On his own initiative, Technical-Sergeant Frank Peregory is moving towards the German fortified site despite heavy fire. Having reached the summit of the hill, he discovered the entrance of a network of trenches which leads to the center of the point of support prohibiting the entrance of the village, located two hundred meters away. Without hesitating for a second, it enters the main trench and progresses inside while being crouched. Suddenly, he encounters a group of enemy infantrymen and without losing time he loads the Germans with the bayonet and throwing grenades. In total, Frank Peregory alone obtains the surrender of nearly forty enemy soldiers and thanks to his action he allows the men of his unit to liberate the village of Grandcamp while recovering the formidable German machine guns (for this victorious and heroic action, Peregory was posthumously decorated on June 14, 1944 with the highest US military honor, the Medal of Honor. Captain Jack Flora’s company I is able to carry out the reconnaissance of Grandcamp: the section of the 2nd Lieutenant Norvin Nathan progresses to the western end of the village, seizing in particular the point of support Wn 79 defending the access to the port . This day of fighting in Grandcamp is, in the opinion of the soldiers who participated in it, more difficult and even more violent than the landing at Omaha Beach.

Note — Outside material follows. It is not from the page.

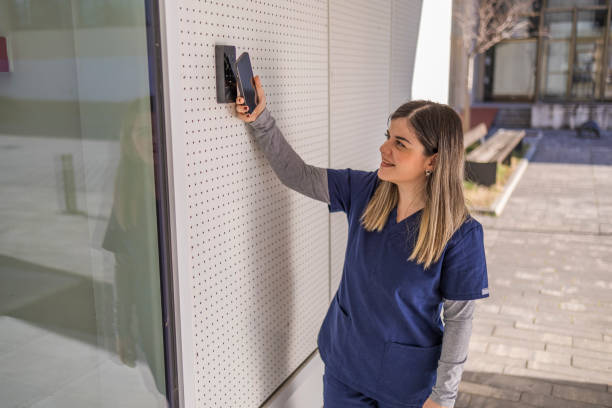 istock Nurse sends a smartphone to digitally enter the code and enter the hospital 2030853746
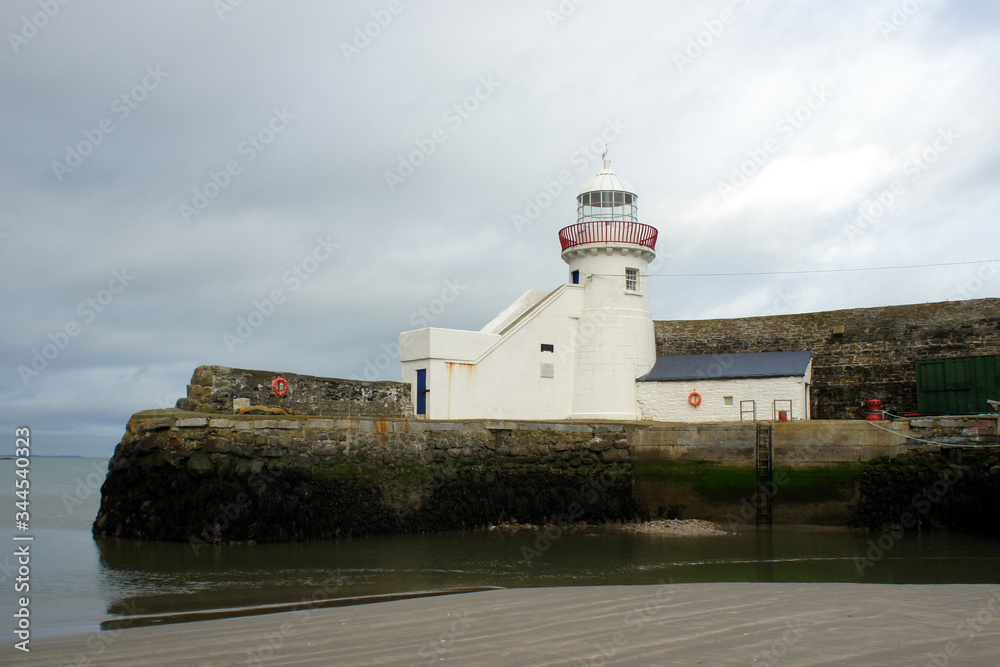 Low tide near the old lighthouse.Ireland. Low tide near the old lighthouse.Ireland.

Meanwhile, the 1st battalion of the 116th IR illuminated by the tanks of Squadron C of the 743rd Tank Battalion bypasses Grandcamp from the south and heads towards Maisy. The tanks arrive in view of the battery in the early evening but are attacked by mortars and guns of 88 mm adverse. The Sherman being short of fuel, the 1st battalion settles in defensive for the night.

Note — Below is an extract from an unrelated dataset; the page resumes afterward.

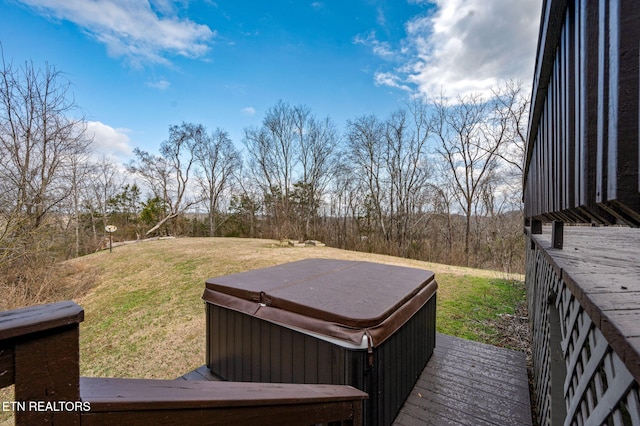 deck with a hot tub and a yard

In the morning of June 9, 1944, three companies of the 5th Ranger Battalion were engaged in the action, supported by two half-tracks of the 2nd Ranger Battalion (armed with 75 mm guns) and battery B of the 81st Chemical Mortar Battalion with 107 mm mortars). The Rangers also have four 81 mm mortars. After the neutralization shot by the 58th Armored Field Artillery Battalion, the Americans launched an assault at 9 am on the extensive site on nearly 44 hectares (more than 108 acres). According to the testimonies of the veterans, the combats are of extraordinary intensity. The network of trenches is so complex that the Americans get lost several times, adding to the disorder of the battle and causing friendly fire. After five hours of fighting, the battery was stormed, but the 155 mm guns were no longer there: they had previously been withdrawn by the Germans.
In the wake of the capture of Maisy and its batteries, the Americans progressed towards Gefosse-Fontenay and Isigny-sur-Mer.
On 14 June, General de Gaulle crossed the village of Grandcamp-les-Bains and addressed the population as part of a flash tour.